St Cadoc’s will be our next vesting in Wales. The medieval Monmouthshire church comprises a tower, nave and chancel. The church was lavishly restored in 1866 by Messrs Cox & Son at the expense of John Etherington Rolls of The Hendre. In 1875, with T.H. Wyatt (1807-80) as the architect, the north aisle was added, the chancel extended, a porch and organ chamber added, and the interior remodelled.
St Cadoc’s possesses stained glass by three Victorian makers at their very best. The east window (1875) is by Lavers & Barraud, the chancel windows (1866) are by Heaton, Butler & Bayne, and the west window in the nave (1879) is an early work by C. E. Kempe. Other Kempe work (1884) can be found in the Rolls Chapel. There is also a south nave window (1914) by Powells of Whitefriars.
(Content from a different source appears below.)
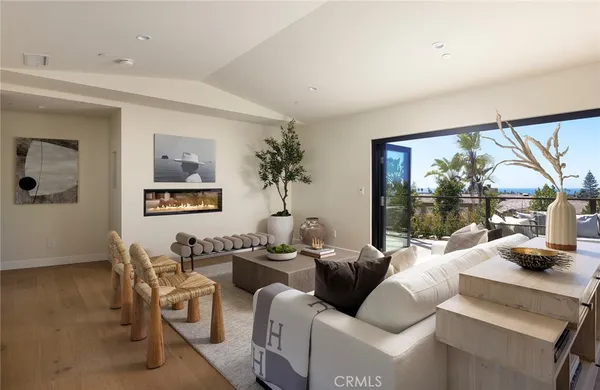 $3,995,000 | 149 Avenida De La Paz, San Clemente, CA 92672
Buried in the churchyard is the Hon. Charles Stewart Rolls, pioneer aviator, who died 1910 in a flying accident, the first British aircraft fatality. It was C. S. Rolls that co-founded the Rolls-Royce firm.
Following the AGM, we will make the short journey to The Hendre, a sprawling red-brick Victorian mansion. Much as Pevsner described 19th-century architecture, this house is a ‘fancy dress ball’ of historical periods.
The building started life as a shooting-lodge for John Rolls in 1829. It was altered and extended extensively - predominately by T. H. Wyatt, who, in the 1830s added a neo-Norman three-storey tower, the great hall in the 1850s and twenty years later, the neo-Tudor entrance court with a porch carrying the Rolls family motto Celeritas et Veritas (Promptness and Truth). After Wyatt’s death in 1880, his clerk of works, Henry Pope oversaw the addition of the dining wing and conservatory. At the end of the century Aston Webb created a vast diagonal library wing off the Pope’s dining-room.
The Grade II* mansion was home to the Rolls family. The mansion was sold in 1984 and is now occupied as a golf club. It continues to boast some of the grandest Victorian gardens in Monmouthshire.